# Forum > Gaming > Roleplaying Games > D&D 5e/Next >  Conditions: how many is too many?

## stoutstien

Title mostly says it's all. Just fielding the question of the number of different conditions different folks are comfortable dealing with.

----------


## Unoriginal

> Title mostly says it's all. Just fielding the question of the number of different conditions different folks are comfortable dealing with.


I mean so long as the list is easy to read, there is a reason for each condition's existence, and the distinctions between each is meaningful, why would there be a specific limit to the number of conditions?

----------


## Yakk

I think it depends.  If true, one thing, if false, another.  /s

----------


## stoutstien

> I mean so long as the list is easy to read, there is a reason for each condition's existence, and the distinctions between each is meaningful, why would there be a specific limit to the number of conditions?


Speed/ease of play mostly.

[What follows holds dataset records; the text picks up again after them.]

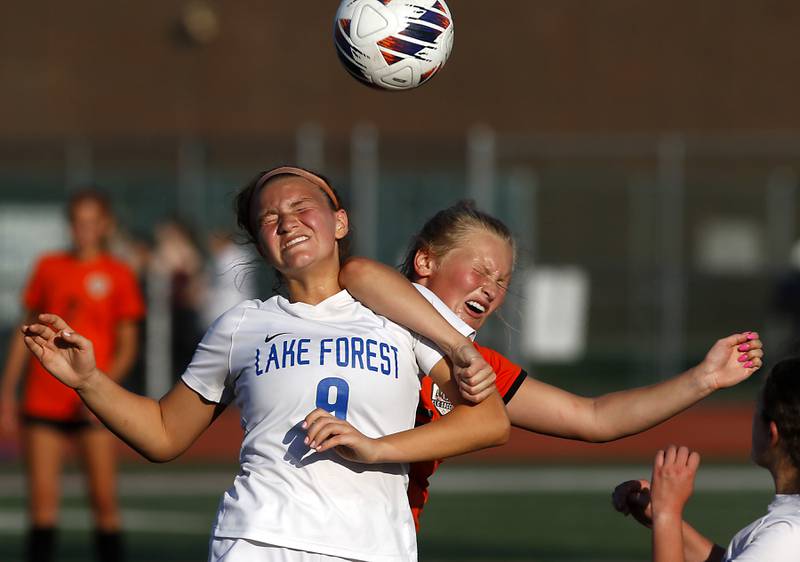 Lake Forest's Ryan Rice battles with Crystal Lake Central's Lizzie Gray for the ball during a Class 2A Deerfield Sectional semi-final match on Tuesday, May 21, 2024, at Deerfield High School.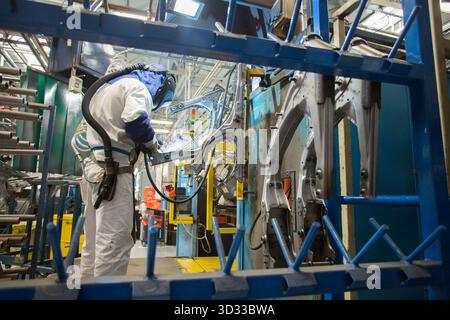 Men at work. Young man wearing protective stuff, working with tools and machinery in a car factory Stock Photo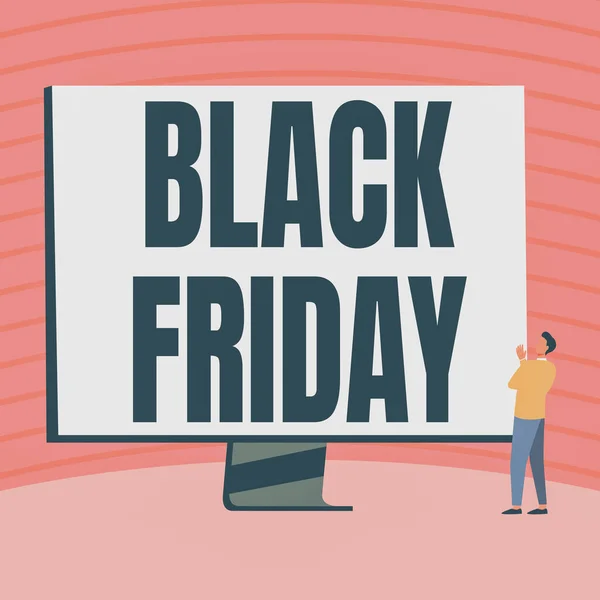 Conceptual caption Black Friday. Concept meaning a day where seller mark their prices down exclusively for buyer Man Standing Drawing Looking At Large Monitor Display Showing News. — Stock Photo, Image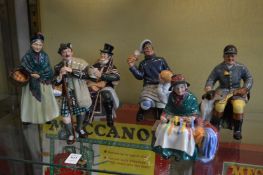 A group of six Royal Doulton figures, The Orange Lady HN1953, The Laird HN2361, The Coachman HN2282,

Like 5e has ~15(off the top of my head I could probably name and get close enough to the rules for game play to flow) and PF2 has over 30 and without them in front of me I'd have no chance to even use the correct one let alone get them correct.

----------


## Amnestic

Having to refer to a cheat sheet to know exactly what a condition does is fine. Ultimately a keyword condition is there to unify mechanics, themes ("this subclass focuses on *Freezing* creatures"), and save on rewriting the same thing over and over again across spells/abilities.

There'll always be some conditions (eg. grappled, prone) that crop up more than others (eg. petrified), so you'll naturally expect to 'learn' the common ones while having to double check the less common ones.

----------


## stoutstien

> Having to refer to a cheat sheet to know exactly what a condition does is fine. Ultimately a keyword condition is there to unify mechanics, themes ("this subclass focuses on *Freezing* creatures"), and save on rewriting the same thing over and over again across spells/abilities.
> 
> There'll always be some conditions (eg. grappled, prone) that crop up more than others (eg. petrified), so you'll naturally expect to 'learn' the common ones while having to double check the less common ones.

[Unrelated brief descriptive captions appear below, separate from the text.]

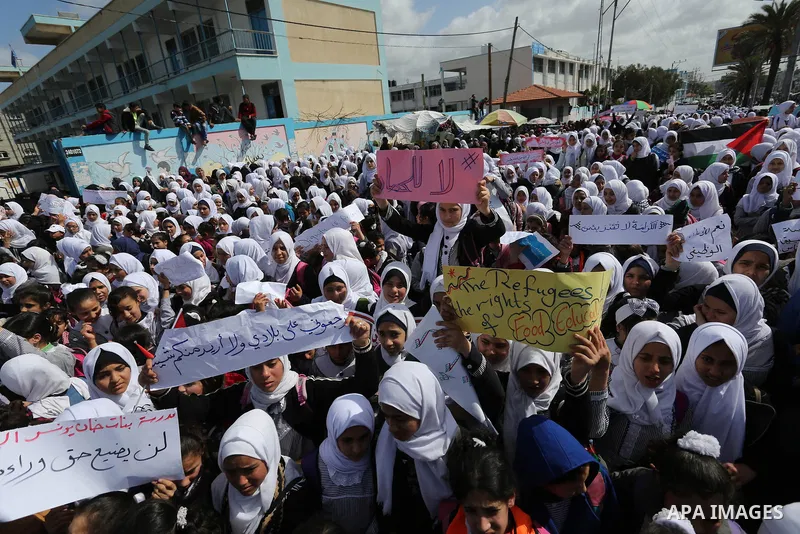 Palestinian students of United Nations-run schools take part in a protest against a U.S. decision to cut aid, in Khan Younis in the southern Gaza Strip February 27, 2018. Photo by Ashraf Amra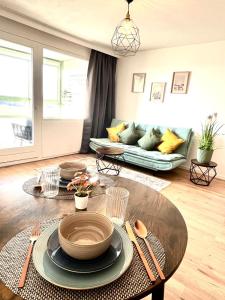 a living room with a table and a couch at Schwarzwald Apartment in Löffingen +10 photos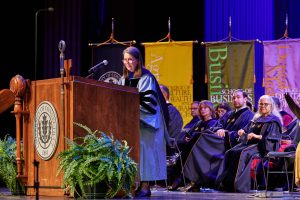 A woman with glasses standing at a podium in an academic robe with people in seats behind her also in academic robes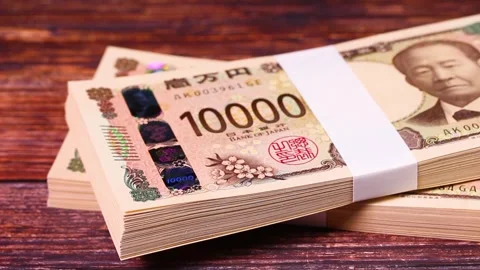 Stack of 10,000 yen bills on wooden table, rotating Stock Footage 304254036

That's my general goal. Instead of having 25 different forms of similar effects they all just reference back to one condition or condition chain. I was just worried that it could get to the point it wouldn't actually speed play up.

For example ray of frost would just need to say ...on hit it takes X damage and is slowed(10) until start of your next turn.

----------


## NichG

If you have a lot, you need to have some way to abstract them or group them so mechanics can reference them without explicitly listing them.

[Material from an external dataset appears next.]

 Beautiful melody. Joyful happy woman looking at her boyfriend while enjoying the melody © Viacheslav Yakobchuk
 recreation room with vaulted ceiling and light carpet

My general design aesthetic is that the core set of conditions should come about in numerous different ways, have similarly many ways to resolve them, and be impactful but narrow in their impact - each condition highlighting some aspect or mechanical conceit of the system. You don't need more than one or two conditions that make a character unplayable for the duration of the condition. But if you can have a hundred conditions that each make someone need to play that character differently, and differently from each-other, then that's more justified, as well as conditions whose application to someone else changes the way that others would want to play.

General list: things that prevent all or some actions (use sparingly, few of these), things that loosely constrain chosen actions (also use sparingly but you can have more of them - 'must obey an order', 'must move towards this creature', etc things), things that change the costs or side-effects of certain actions (you could have a lot of these), things that change defenses or ability to ignore or mitigate things (you could have a lot of these, bonus points if they can be produced from environmental opportunities rather than being locked to specific spells/class features), things that alter the way underlying mechanics work like changing how reach behaves or which stats contribute to which things (you can have a lot but these should be individually pretty uncommon, used to indicate really weird things), etc.

But I'd still group these into, e.g., 'afflictions of body, mind, soul, or depletion effects' and maybe 'rank 1, 2, or 3 severity' and then have effects do things like 'cure any body affliction of rank 2 or lower' or 'increase the rank of soul afflictions on the target by 1', as well as meta-rules like 'there are no effects in the system that directly remove depletion effects - all depletion effects can only be recovered from by providing the missing or necessary thing'.

----------


## OvisCaedo

5e can be kind of weird with conditions, too, because there actually are a lot of non-standard, unique conditions without names that just get tied to named ones. "Charmed" is a big one for this; tons of spells and abilities that "charm" someone also have "and this unique effect also happens while they are charmed in this way", often making the actual charmed condition's effects largely irrelevant. I guess it's like how older editions might have spells tagged as "mind-effecting"?

----------


## stoutstien

> 5e can be kind of weird with conditions, too, because there actually are a lot of non-standard, unique conditions without names that just get tied to named ones. "Charmed" is a big one for this; tons of spells and abilities that "charm" someone also have "and this unique effect also happens while they are charmed in this way", often making the actual charmed condition's effects largely irrelevant. I guess it's like how older editions might have spells tagged as "mind-effecting"?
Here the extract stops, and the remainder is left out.